In its testing framework for elementary teacher preparation, Oregon requires teacher preparation programs to address the science of reading. All elementary teacher candidates must pass the ORELA Multiple Subject Examination, which includes the five instructional components of scientifically based reading instruction: phonemic awareness, phonics, fluency, vocabulary and comprehension. While the state's test includes the components of scientifically based reading instruction in Subtest 1, the breadth of the topics covered on the exam makes it possible to pass this exam without correctly answering questions on the science of reading.

Unfortunately, the state allows "alternative assessment," in which candidates who have twice failed the content test can petition for a waiver of the subject-matter requirement.

Citation

Recommendations for Oregon

Ensure that the state's reading assessment adequately measures skills related to the science of reading instruction.
Although Oregon is commended for requiring teacher preparation programs to address the science of reading, the state should require an assessment that reports a subscore for the science of reading specifically. Elementary teachers who do not possess the minimum knowledge in this area should not be eligible for licensure.

Require all teacher candidates to pass a rigorous assessment in the science of reading instruction.
Oregon should reconsider its allowance of a test waiver. Elementary teachers who do not possess the minimum knowledge in the area of the science of reading should not be eligible for licensure.

State response to our analysis

Oregon noted that in the 2010-2011 academic year, only eight new program completers out of 1,903 obtained first licensure through alternative assessment. These candidates must show comprehensive coursework, a GPA of 3.0 or better and evidence that some of the coursework was completed recently. 

How we graded

Reading science has identified five components of effective instruction.

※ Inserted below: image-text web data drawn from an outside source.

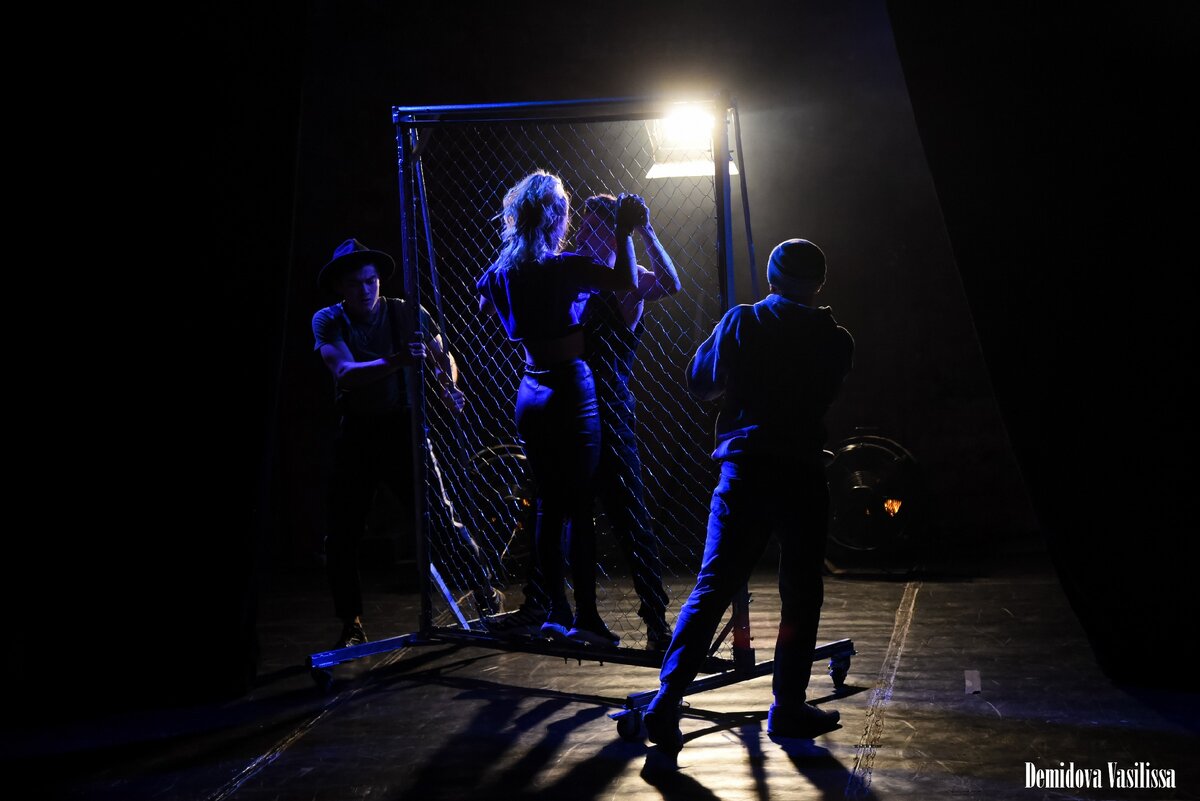 Спектакль "Кастинг". Автор фото: Василиса Демидова. 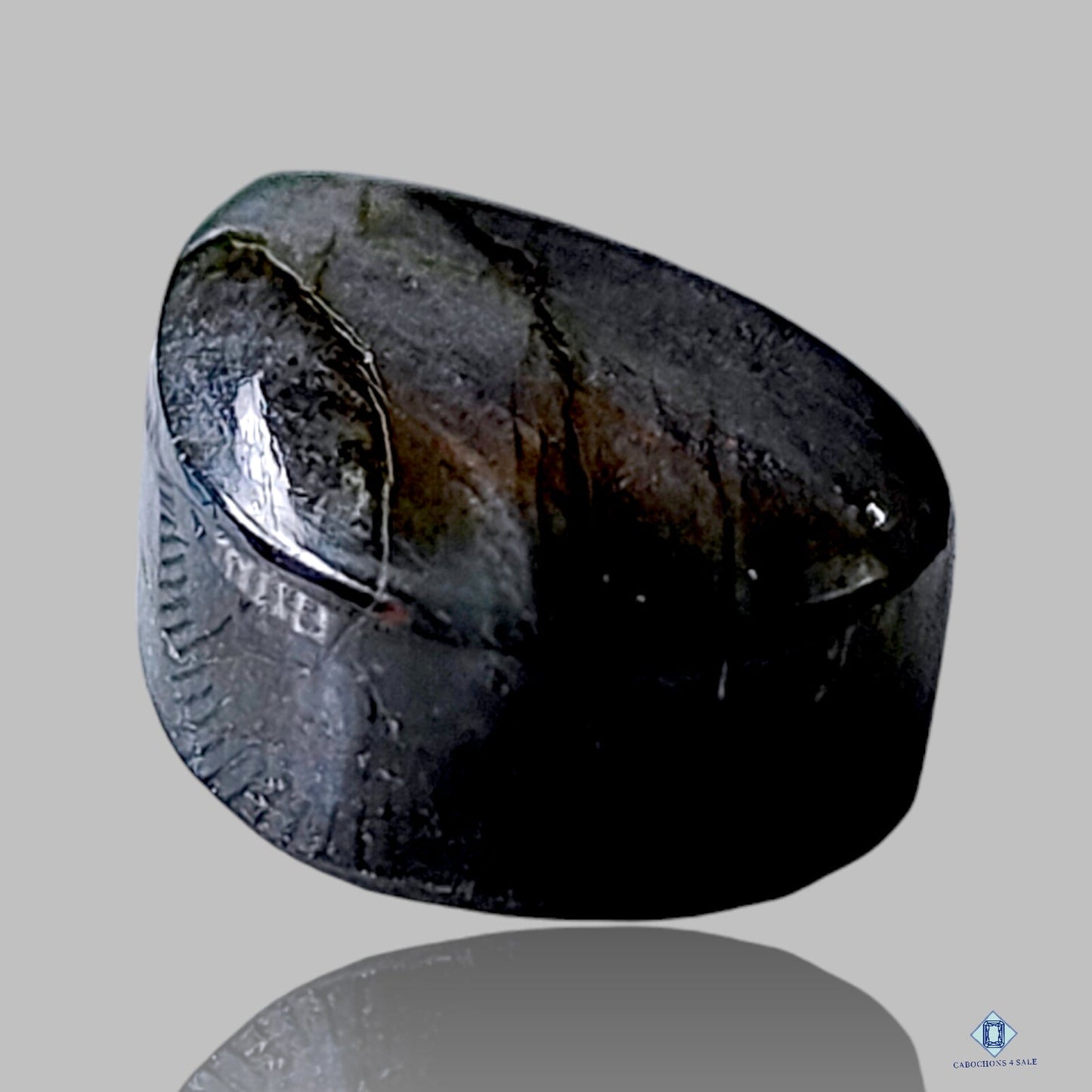 Multi color Labradorite Pear Cabochons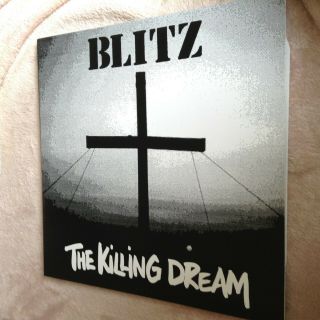 Blitz - The Killing Dream Lp (reissue) Punk/oi /exploited/uk Subs/cock Sparrer)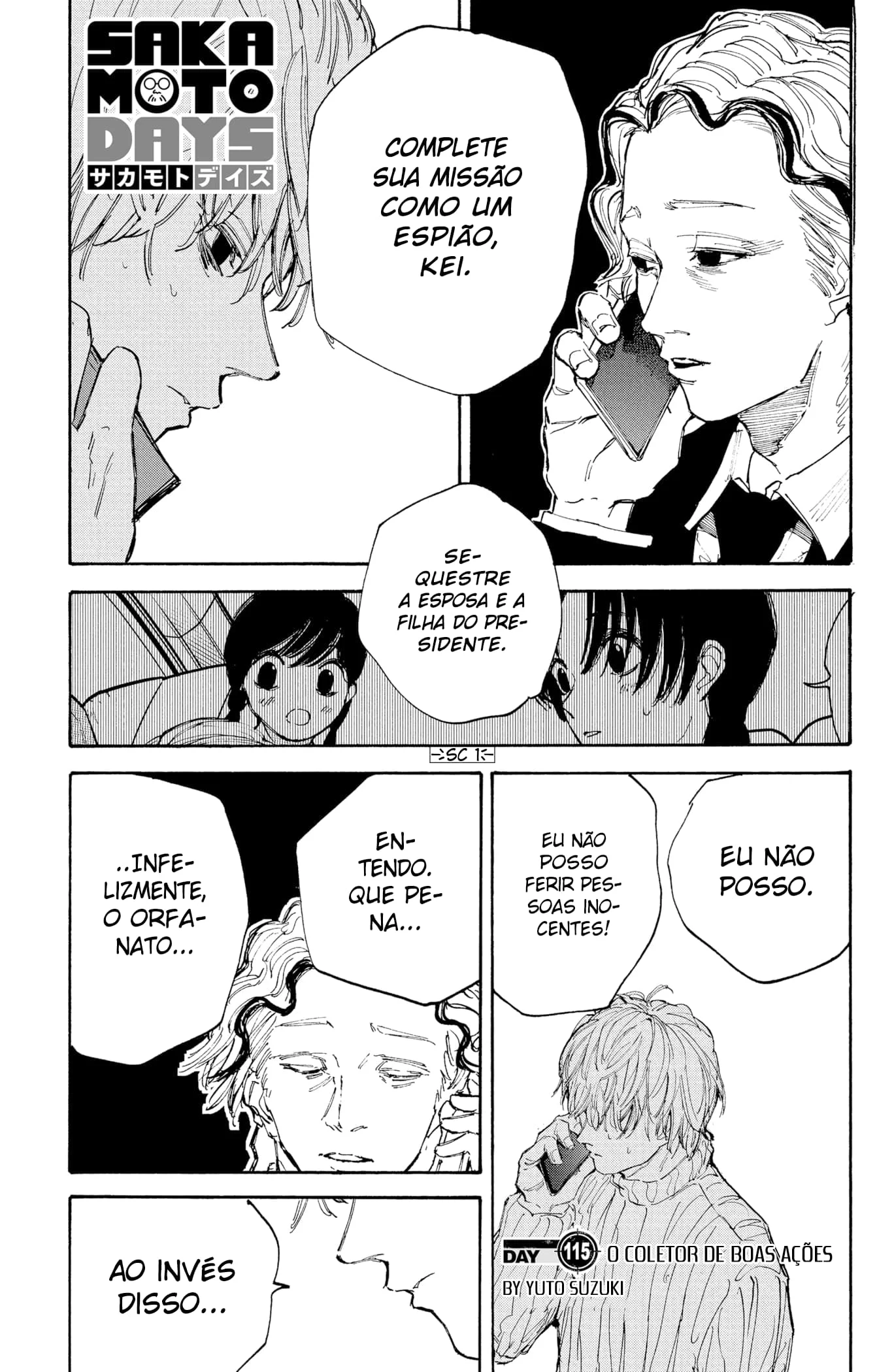 Sakamoto Capítulo 115 Página 2
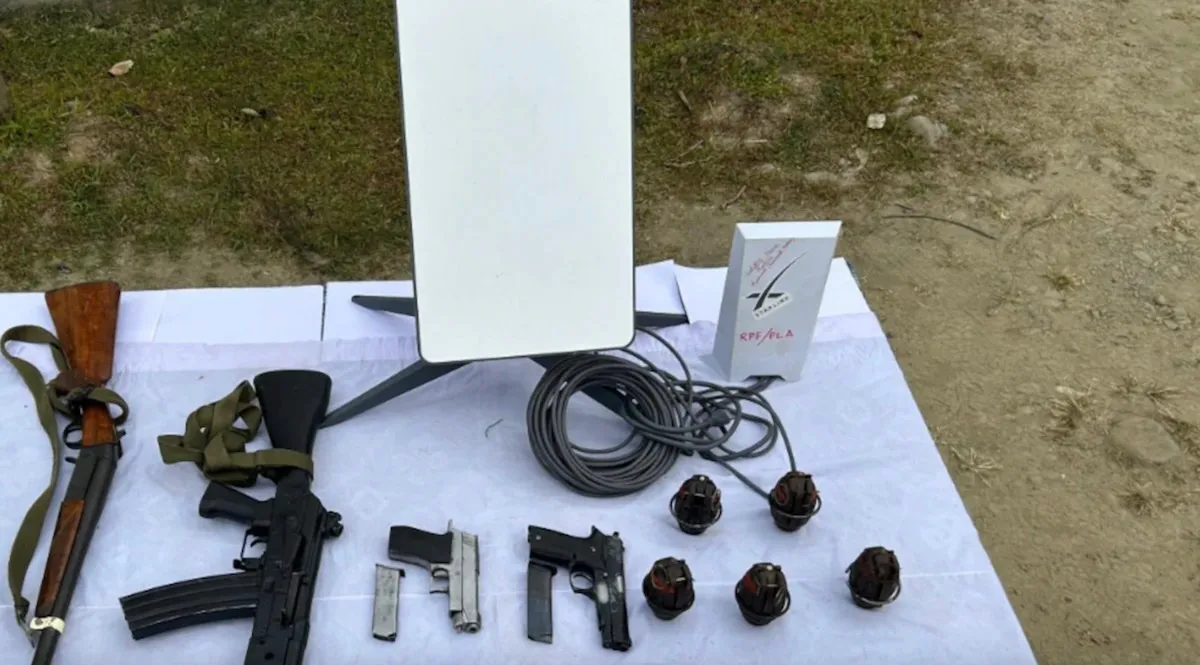 Starlink device recovered in Manipur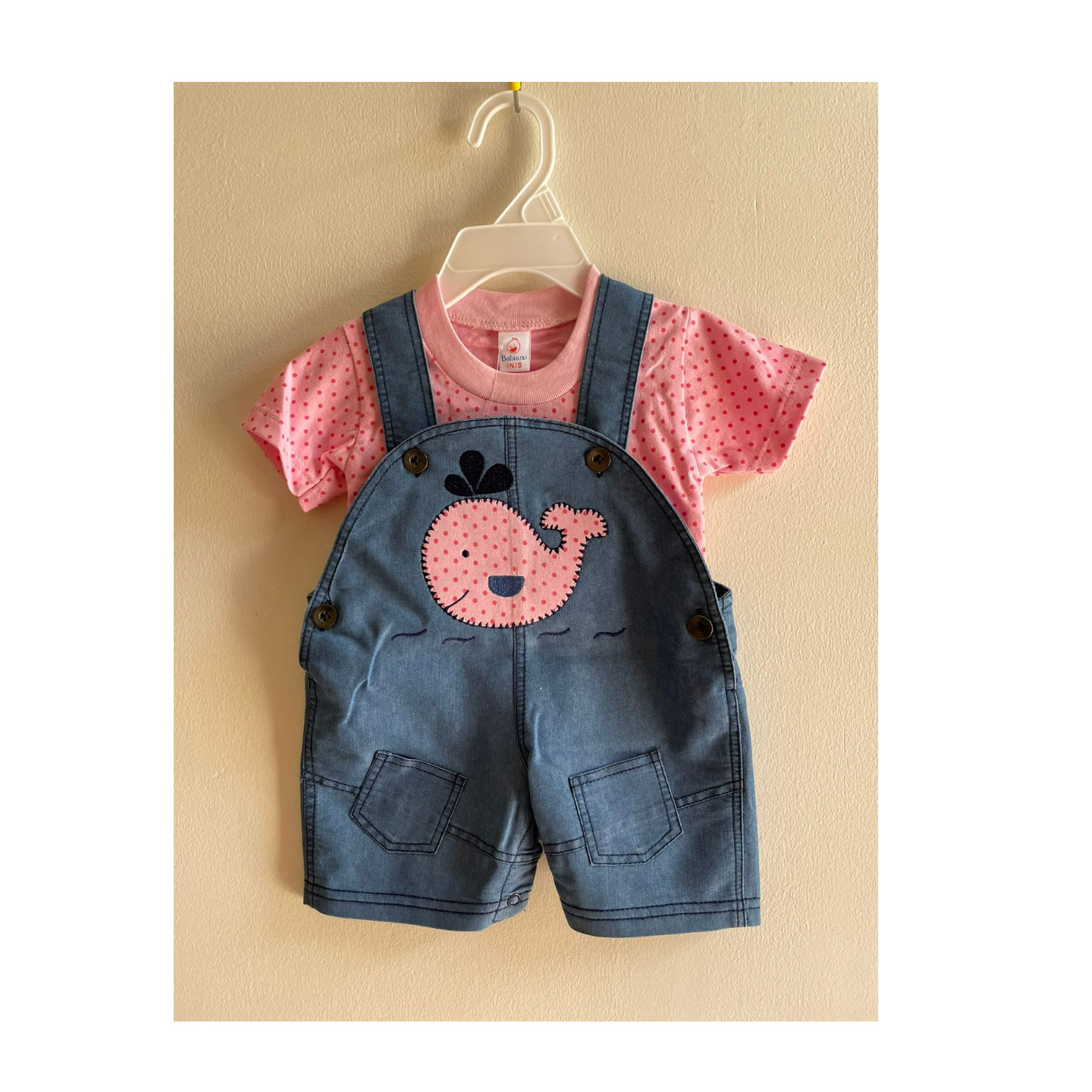 Babiano Fish Sun Romper Set Rs 750 Made In India 3 Months to 3.5 Years Size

Teaching children to read is the most important task teachers undertake. Over the past 60 years, scientists from many fields have worked to determine how people learn to read and why some struggle. This science of reading has led to breakthroughs that can dramatically reduce the number of children destined to become functionally illiterate or barely literate adults. By routinely applying in the classroom the lessons learned from the scientific findings, most reading failure can be avoided. Estimates indicate that the current failure rate of 20 to 30 percent could be reduced to 2 to 10 percent.

Scientific research has shown that there are five essential components of effective reading instruction: explicit and systematic instruction in phonemic awareness, phonics, fluency, vocabulary and comprehension. While elementary teachers need to be well versed in these components, even secondary teachers need at least some knowledge of this process, particularly if they work in high-poverty schools.

Many states' policies still do not reflect the strong research consensus in reading instruction that has emerged over the last few decades. Many teacher preparation programs, still caught up in the reading wars, resist teaching scientifically based reading instruction. NCTQ's report What Education Schools Aren't Teaching about Reading and What Elementary Teachers Aren't Learning found that only 15 percent of teacher preparation programs in a national sample were providing even minimal exposure to the science of reading. Whether through standards or coursework requirements, states must ensure that their preparation programs graduate only teacher candidates who know how to teach children to read.

Most current reading tests do not offer assurance that teachers know the science of reading.

A few states, such as Massachusetts and Virginia, have developed strong, stand-alone assessments entirely focused on the science of reading. Other states rely on either pedagogy tests or content tests that include items on reading instruction. However, since reading instruction is addressed only in one small part of most of these tests, it is often not necessary to know the science of reading to pass. States need to make sure that a teacher candidate cannot pass a test that purportedly covers reading instruction without knowing the critical material.

Research rationale

For evidence on what new teachers are not learning about reading instruction, see NCTQ, "What Education Schools Aren't Teaching About Reading and What Elementary Teachers Aren't Learning" (2006) at:
http://www.nctq.org/nctq/images/nctq_reading_study_app.pdf

For problems with existing reading tests, see S. Stotsky, "Why American Students Do Not Learn to Read Very Well: The Unintended Consequences of Title II and Teacher Testing," Third Education Group Review 2 No. 2 (2006); and D. W. Rigden, Report on Licensure Alignment with the Essential Components of Effective Reading Instruction (Washington, D.C.: Reading First Teacher Education Network, 2006) at: 
http://www.tegr.org/Review/Articles/vol2/v2n2.pdf.

For information on where states set passing scores on elementary level content tests for teacher licensing across the U.S., see chart on p. 13 of NCTQ "Recommendations for the Reauthorization of the Elementary and Secondary Education Act, Removing the Roadblocks: How Federal Policy Can Cultivate Effective Teachers," (2011).